Each line from the one containing "Z Supply - Camino Textured Mini Dress" to the end of the entries below is to be set down exactly; the pictures are not.

----------------

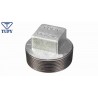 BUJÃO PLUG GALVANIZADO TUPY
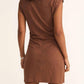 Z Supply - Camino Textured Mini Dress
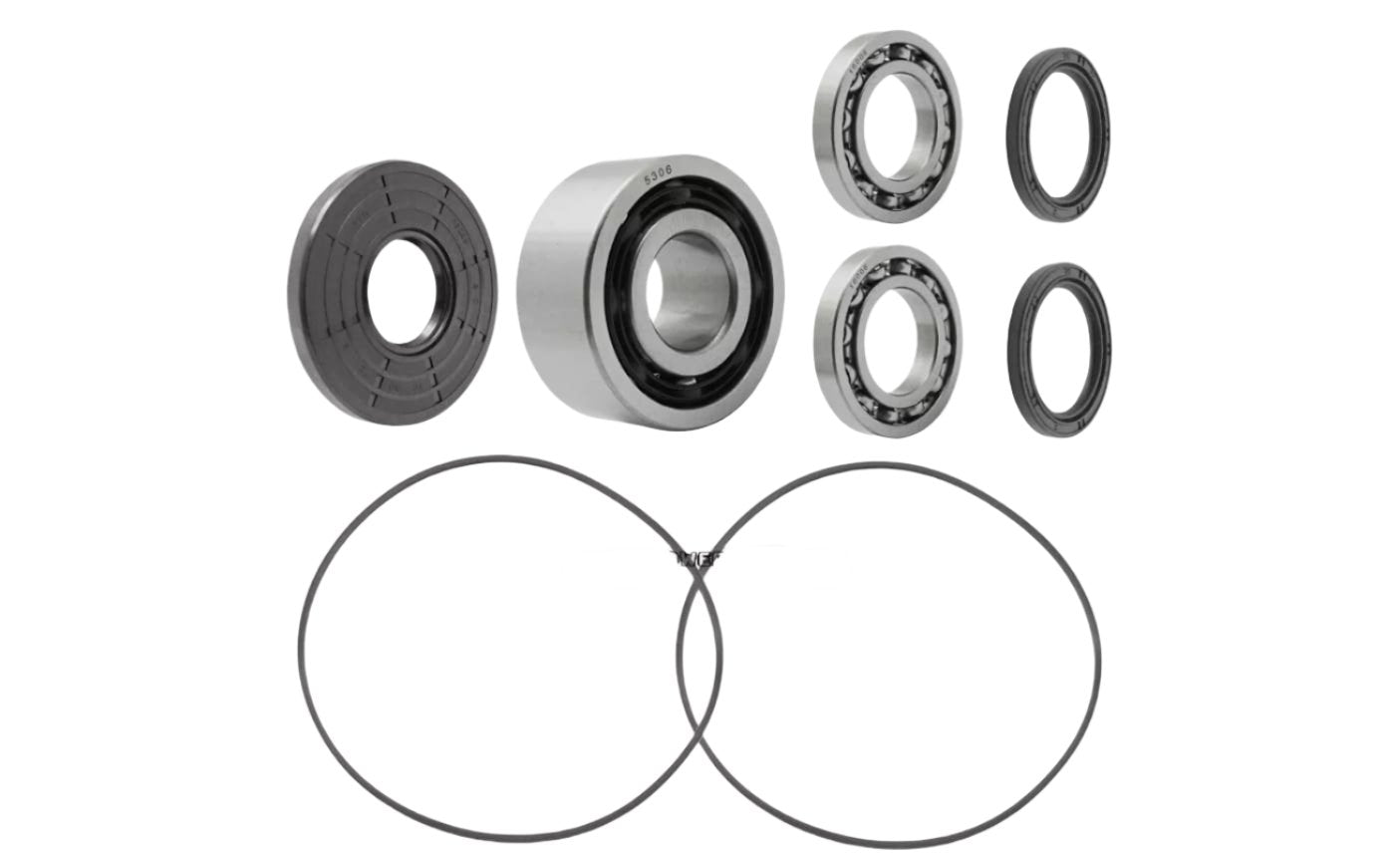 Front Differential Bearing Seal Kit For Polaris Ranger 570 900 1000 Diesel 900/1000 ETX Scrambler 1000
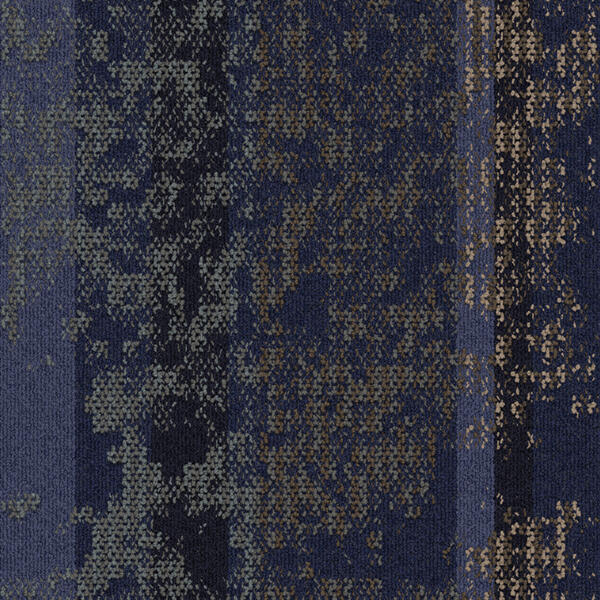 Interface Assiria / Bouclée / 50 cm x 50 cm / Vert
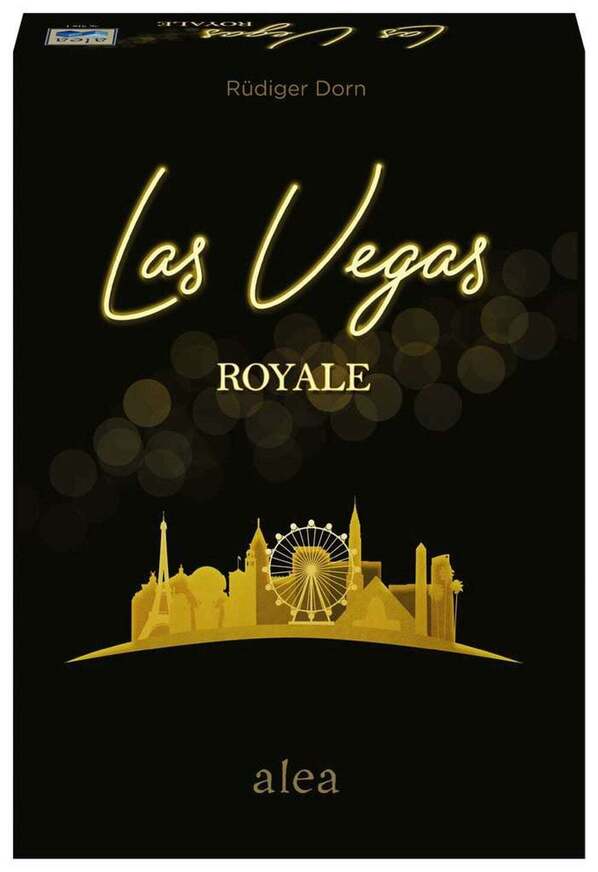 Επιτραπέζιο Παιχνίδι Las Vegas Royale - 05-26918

----------------

**Result**
 Z Supply - Camino Textured Mini Dress
 Front Differential Bearing Seal Kit For Polaris Ranger 570 900 1000 Diesel 900/1000 ETX Scrambler 1000
 Interface Assiria / Bouclée / 50 cm x 50 cm / Vert
 Επιτραπέζιο Παιχνίδι Las Vegas Royale - 05-26918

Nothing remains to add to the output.